### WHAT TO PRODUCE
Only the pictures are to be left out; please reproduce everything else in the data exactly.

### DATASET SECTION
=======

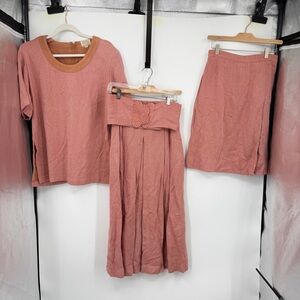 Vintage Zonda Nellis set sz M pink orange top‎ skirt belt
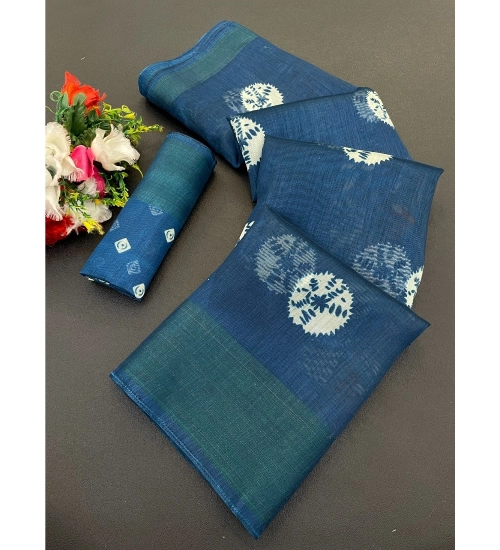 Women's Cotton Blend Printed Saree With Unstitched Blouse (Blue, 5-5 Mtrs)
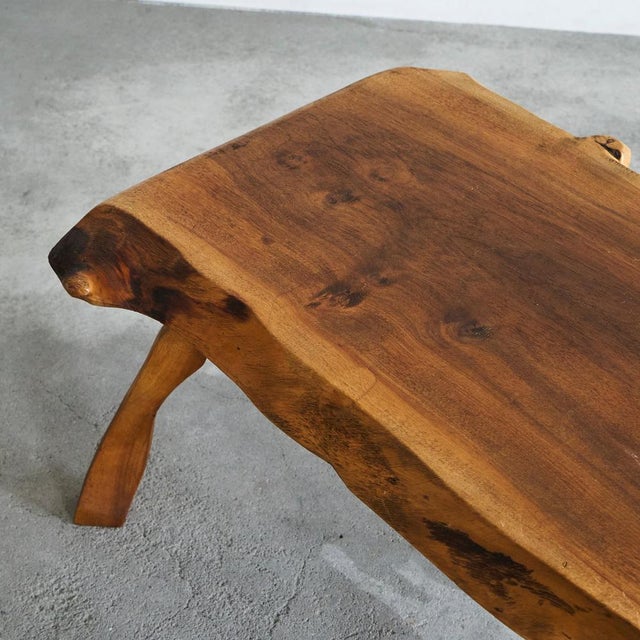 Mid-Century Live Edge Coffee or Side Table in Walnut, 1950s For Sale - Image 3 of 11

=======

### TASK RESPONSE
 Vintage Zonda Nellis set sz M pink orange top‎ skirt belt
 Women's Cotton Blend Printed Saree With Unstitched Blouse (Blue, 5-5 Mtrs)
 Mid-Century Live Edge Coffee or Side Table in Walnut, 1950s For Sale - Image 3 of 11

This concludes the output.